Gisele Bündchen, 45, revelou em seu livro Nutrir: receitas simples para corpo e alma que deixou a dieta vegana após anos de adesão. A modelo explica que o veganismo foi escolhido por conexão com os animais e consumo mais consciente, mas relata motivos para a mudança.
Segundo a publicação, houve necessidade de suplementar ferro e aumentar o consumo de oleaginosas e folhas verde-escuras, sem conseguir evitar a anemia. Atualmente, a dieta é composta por cerca de 80% de alimentos vegetais e 20% de origem animal, o que ajudou a equilibrar as necessidades do organismo.
Especialistas analisam os impactos da dieta vegana no ferro
De acordo com o médico nutrólogo Renan Moreira Silva, a dieta vegana pode suprir o ferro com planejamento, monitoramento clínico regular e acompanhamento médico. As principais sociedades científicas reconhecem a adequação da dieta quando bem planejada.
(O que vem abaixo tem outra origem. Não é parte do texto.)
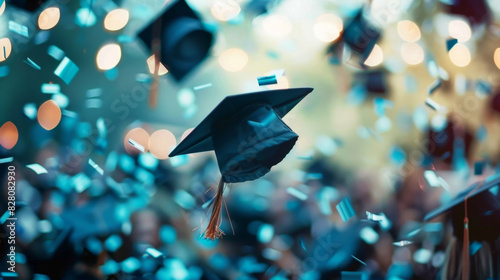 Graduation caps thrown in the air with blue confetti and bokeh lights in the background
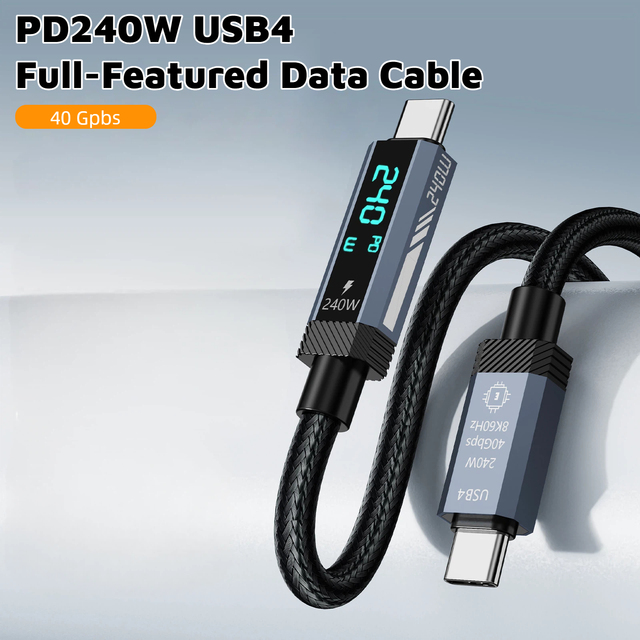 Factory Price 240W USB C to Type C Cable 40Gbps High Speed Data Cord for Huawei for Xiaomi for Samsung Devices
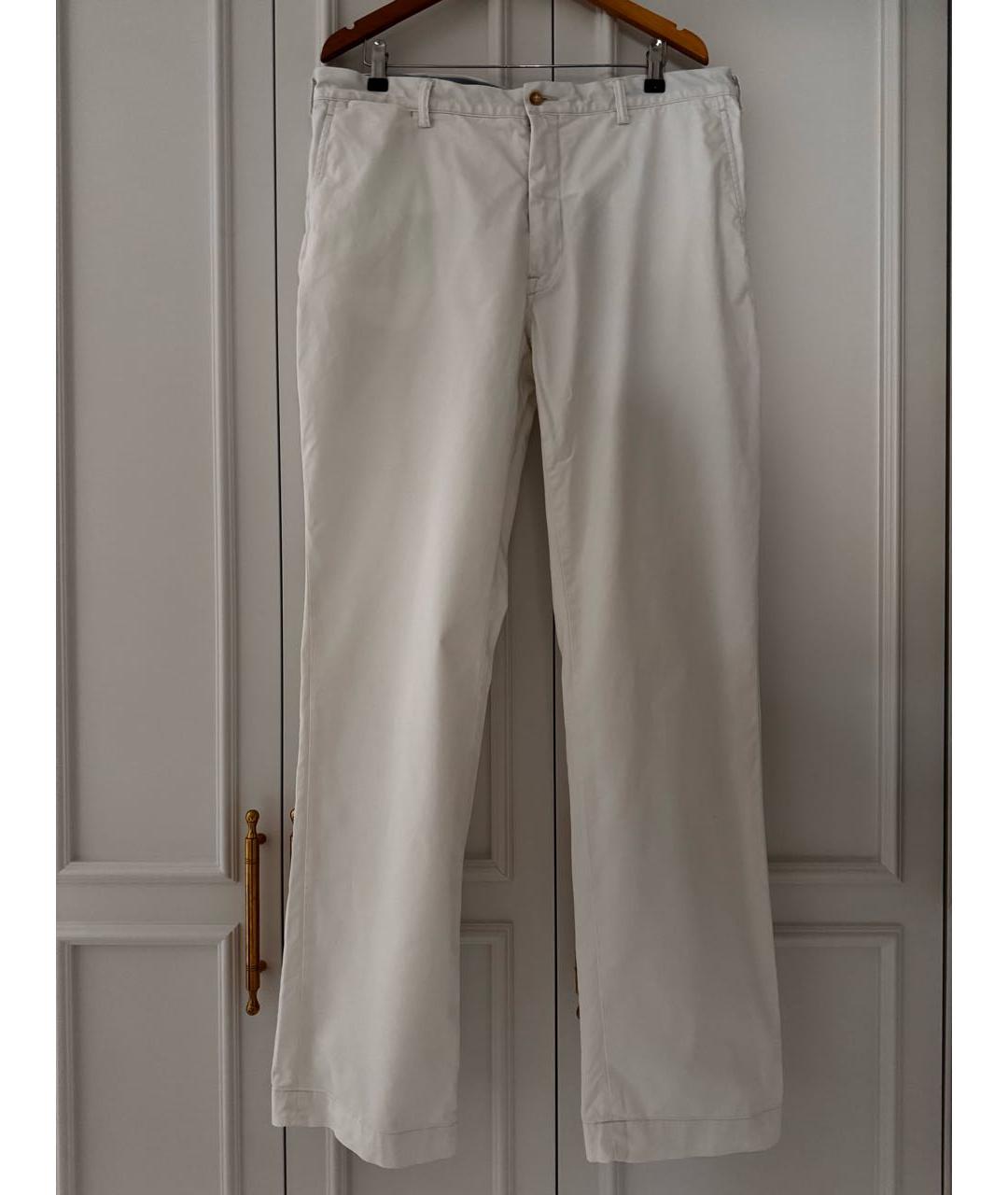 POLO RALPH LAUREN Белые хлопковые брюки чинос, фото 7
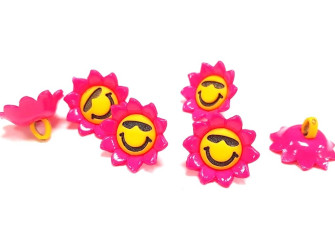 Pink Sunflower Button 456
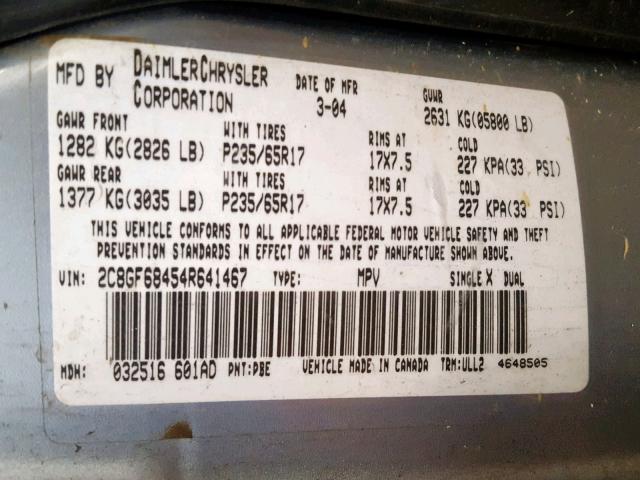 2C8GF68454R641467 - 2004 CHRYSLER PACIFICA BLUE photo 10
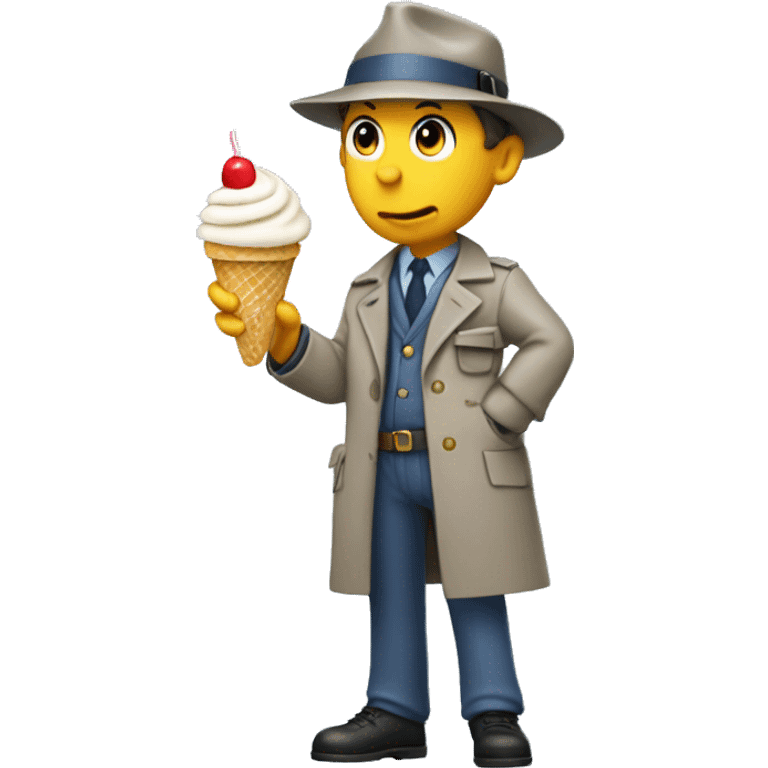 Inspector gadget, eating a ice cream emoji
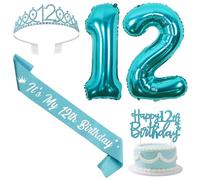 Sursurprise Teal 12th Birthday Decorations with Sash and Tiara, Happy 12th Birthday Cake Topper, Number 12 Balloons, 12 Year Old Bday Party Supplies for Girls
Raiz da orientação é a forma de suplementação: o ferro não deve ser tomado sem avaliação laboratorial. O excesso pode causar estresse oxidativo, segundo o especialista, que também aponta estratégias para melhorar a absorção de ferro na alimentação.
Ele destaca que associar ferro a vitamina C, evitar chá e café próximo das refeições e reduzir antinutrientes por técnicas simples ajudam na absorção. A prática, porém, requer educação nutricional e acompanhamento médico.
O papel do acompanhamento médico na alimentação vegana
O nutrólogo indica que o que determina a segurança não é o rótulo vegano, mas o planejamento individualizado. Dietas veganas seguras são estruturadas, monitoradas e adaptadas às necessidades de cada pessoa.
Já o fisiologista Alexandre Duarte afirma que feijão não é, por si só, uma fonte adequada de ferro. Embora contenha ferro, ele é não-heme com baixa biodisponibilidade e vem acompanhado de antinutrientes que dificultam a absorção.
Para Duarte, o preparo adequado pode reduzir antinutrientes, mas não torna o feijão compatível como solução única para anemia. O acompanhamento médico é essencial para indicar fontes e dose de ferro.